Exercise prompt:
Start at the line with "Boro Football Shirt Pattern Phone Case" in the records below, stop at the line with "Laguna Vista |", and return every line in that span exactly, the two end lines included.
Source information section start
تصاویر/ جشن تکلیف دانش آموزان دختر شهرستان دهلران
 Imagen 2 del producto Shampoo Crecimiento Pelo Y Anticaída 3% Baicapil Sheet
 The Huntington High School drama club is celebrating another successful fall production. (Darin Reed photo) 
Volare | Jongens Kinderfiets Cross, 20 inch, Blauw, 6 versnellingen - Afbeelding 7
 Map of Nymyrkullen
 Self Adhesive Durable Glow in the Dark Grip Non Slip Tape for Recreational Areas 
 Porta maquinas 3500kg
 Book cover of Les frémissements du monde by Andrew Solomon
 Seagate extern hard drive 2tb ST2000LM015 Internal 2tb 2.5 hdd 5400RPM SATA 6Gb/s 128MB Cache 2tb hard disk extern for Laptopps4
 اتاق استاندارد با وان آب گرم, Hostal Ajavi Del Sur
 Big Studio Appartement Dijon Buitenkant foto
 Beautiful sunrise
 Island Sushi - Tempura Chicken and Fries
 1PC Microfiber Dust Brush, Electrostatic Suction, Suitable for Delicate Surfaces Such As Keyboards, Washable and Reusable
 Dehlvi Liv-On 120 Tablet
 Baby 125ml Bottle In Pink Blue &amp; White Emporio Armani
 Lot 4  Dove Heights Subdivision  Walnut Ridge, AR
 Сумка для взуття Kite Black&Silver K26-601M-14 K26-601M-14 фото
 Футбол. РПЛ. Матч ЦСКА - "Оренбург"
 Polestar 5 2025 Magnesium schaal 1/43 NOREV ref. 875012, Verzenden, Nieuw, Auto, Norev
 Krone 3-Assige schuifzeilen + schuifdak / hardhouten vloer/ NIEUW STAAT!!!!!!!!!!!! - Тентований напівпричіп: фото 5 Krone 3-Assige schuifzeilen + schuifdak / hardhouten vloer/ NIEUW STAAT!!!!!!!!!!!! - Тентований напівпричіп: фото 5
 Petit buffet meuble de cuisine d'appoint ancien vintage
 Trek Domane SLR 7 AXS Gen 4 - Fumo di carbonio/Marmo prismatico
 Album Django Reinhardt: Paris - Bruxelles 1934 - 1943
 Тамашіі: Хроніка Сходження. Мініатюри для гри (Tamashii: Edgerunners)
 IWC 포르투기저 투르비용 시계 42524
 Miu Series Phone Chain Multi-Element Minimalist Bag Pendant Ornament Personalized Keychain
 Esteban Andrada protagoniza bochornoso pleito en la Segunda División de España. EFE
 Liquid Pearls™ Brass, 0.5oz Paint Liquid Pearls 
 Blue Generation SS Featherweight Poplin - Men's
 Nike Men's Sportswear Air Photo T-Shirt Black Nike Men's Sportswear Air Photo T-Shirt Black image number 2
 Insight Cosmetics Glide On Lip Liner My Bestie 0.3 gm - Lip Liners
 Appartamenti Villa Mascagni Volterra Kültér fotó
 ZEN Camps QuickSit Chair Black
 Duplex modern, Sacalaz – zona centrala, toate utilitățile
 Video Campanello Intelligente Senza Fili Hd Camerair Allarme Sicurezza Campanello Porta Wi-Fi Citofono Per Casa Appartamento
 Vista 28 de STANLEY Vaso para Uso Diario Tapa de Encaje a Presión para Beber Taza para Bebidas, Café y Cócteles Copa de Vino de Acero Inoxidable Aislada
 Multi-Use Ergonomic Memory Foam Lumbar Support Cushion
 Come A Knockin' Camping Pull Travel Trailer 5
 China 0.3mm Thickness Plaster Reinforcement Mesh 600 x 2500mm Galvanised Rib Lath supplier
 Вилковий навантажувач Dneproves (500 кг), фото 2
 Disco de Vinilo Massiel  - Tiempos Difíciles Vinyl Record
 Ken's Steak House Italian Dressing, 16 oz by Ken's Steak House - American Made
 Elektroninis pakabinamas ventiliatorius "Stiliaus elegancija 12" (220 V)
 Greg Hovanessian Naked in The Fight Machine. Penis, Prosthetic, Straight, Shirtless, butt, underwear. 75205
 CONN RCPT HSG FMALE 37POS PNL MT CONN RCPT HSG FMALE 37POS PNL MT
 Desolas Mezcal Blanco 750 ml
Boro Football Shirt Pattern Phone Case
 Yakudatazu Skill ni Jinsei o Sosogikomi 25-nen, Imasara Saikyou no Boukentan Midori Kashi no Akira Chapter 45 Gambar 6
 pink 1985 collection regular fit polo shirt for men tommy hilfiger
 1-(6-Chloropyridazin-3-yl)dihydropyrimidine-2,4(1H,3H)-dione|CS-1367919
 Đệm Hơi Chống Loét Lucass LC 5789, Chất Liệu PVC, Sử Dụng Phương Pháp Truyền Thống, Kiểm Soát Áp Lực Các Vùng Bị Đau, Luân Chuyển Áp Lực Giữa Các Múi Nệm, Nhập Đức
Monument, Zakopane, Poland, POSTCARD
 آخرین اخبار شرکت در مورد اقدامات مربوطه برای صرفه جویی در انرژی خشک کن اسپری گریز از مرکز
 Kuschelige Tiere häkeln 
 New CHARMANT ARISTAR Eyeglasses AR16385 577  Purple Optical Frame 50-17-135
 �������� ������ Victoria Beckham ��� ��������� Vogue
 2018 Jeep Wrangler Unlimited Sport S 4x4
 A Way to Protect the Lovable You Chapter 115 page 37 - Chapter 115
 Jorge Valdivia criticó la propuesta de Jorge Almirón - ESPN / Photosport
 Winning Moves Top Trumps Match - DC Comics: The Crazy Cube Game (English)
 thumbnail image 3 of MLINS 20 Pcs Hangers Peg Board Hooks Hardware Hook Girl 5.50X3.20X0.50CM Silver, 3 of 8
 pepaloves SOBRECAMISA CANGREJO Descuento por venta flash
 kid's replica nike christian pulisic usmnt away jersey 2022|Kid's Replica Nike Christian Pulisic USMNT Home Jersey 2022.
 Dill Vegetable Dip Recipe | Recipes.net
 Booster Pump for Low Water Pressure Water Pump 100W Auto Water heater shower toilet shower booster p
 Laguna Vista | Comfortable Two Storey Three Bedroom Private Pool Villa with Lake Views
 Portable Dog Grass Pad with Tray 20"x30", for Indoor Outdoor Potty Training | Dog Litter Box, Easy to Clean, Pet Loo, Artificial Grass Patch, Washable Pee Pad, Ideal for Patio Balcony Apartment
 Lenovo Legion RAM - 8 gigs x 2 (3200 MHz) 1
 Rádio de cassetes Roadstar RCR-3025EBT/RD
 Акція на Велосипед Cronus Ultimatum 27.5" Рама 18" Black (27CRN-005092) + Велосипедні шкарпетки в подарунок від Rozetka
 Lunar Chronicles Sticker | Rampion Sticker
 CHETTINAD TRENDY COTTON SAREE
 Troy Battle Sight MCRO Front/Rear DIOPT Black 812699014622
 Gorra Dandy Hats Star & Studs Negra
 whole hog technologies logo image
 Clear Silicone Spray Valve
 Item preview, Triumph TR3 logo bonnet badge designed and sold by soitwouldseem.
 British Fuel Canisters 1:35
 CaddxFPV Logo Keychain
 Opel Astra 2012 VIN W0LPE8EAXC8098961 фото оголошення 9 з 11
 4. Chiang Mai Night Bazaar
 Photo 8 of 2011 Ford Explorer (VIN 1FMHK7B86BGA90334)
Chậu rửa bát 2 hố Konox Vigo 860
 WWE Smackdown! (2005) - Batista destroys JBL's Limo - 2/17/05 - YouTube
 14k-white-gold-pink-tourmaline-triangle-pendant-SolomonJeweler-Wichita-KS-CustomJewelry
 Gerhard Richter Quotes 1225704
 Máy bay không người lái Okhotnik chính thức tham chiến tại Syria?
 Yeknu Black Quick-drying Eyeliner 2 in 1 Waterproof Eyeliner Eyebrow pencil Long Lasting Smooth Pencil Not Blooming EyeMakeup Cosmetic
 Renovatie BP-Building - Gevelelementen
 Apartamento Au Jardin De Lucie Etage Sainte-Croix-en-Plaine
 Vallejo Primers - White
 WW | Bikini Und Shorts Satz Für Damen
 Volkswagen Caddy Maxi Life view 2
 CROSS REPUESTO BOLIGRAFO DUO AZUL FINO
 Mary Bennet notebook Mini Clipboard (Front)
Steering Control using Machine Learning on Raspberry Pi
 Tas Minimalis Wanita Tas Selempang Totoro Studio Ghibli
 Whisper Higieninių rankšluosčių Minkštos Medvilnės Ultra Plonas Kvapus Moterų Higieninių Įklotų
Source information section end
Written answer:
Boro Football Shirt Pattern Phone Case
 Yakudatazu Skill ni Jinsei o Sosogikomi 25-nen, Imasara Saikyou no Boukentan Midori Kashi no Akira Chapter 45 Gambar 6
 pink 1985 collection regular fit polo shirt for men tommy hilfiger
 1-(6-Chloropyridazin-3-yl)dihydropyrimidine-2,4(1H,3H)-dione|CS-1367919
 Đệm Hơi Chống Loét Lucass LC 5789, Chất Liệu PVC, Sử Dụng Phương Pháp Truyền Thống, Kiểm Soát Áp Lực Các Vùng Bị Đau, Luân Chuyển Áp Lực Giữa Các Múi Nệm, Nhập Đức
Monument, Zakopane, Poland, POSTCARD
 آخرین اخبار شرکت در مورد اقدامات مربوطه برای صرفه جویی در انرژی خشک کن اسپری گریز از مرکز
 Kuschelige Tiere häkeln 
 New CHARMANT ARISTAR Eyeglasses AR16385 577  Purple Optical Frame 50-17-135
 �������� ������ Victoria Beckham ��� ��������� Vogue
 2018 Jeep Wrangler Unlimited Sport S 4x4
 A Way to Protect the Lovable You Chapter 115 page 37 - Chapter 115
 Jorge Valdivia criticó la propuesta de Jorge Almirón - ESPN / Photosport
 Winning Moves Top Trumps Match - DC Comics: The Crazy Cube Game (English)
 thumbnail image 3 of MLINS 20 Pcs Hangers Peg Board Hooks Hardware Hook Girl 5.50X3.20X0.50CM Silver, 3 of 8
 pepaloves SOBRECAMISA CANGREJO Descuento por venta flash
 kid's replica nike christian pulisic usmnt away jersey 2022|Kid's Replica Nike Christian Pulisic USMNT Home Jersey 2022.
 Dill Vegetable Dip Recipe | Recipes.net
 Booster Pump for Low Water Pressure Water Pump 100W Auto Water heater shower toilet shower booster p
 Laguna Vista | Comfortable Two Storey Three Bedroom Private Pool Villa with Lake Views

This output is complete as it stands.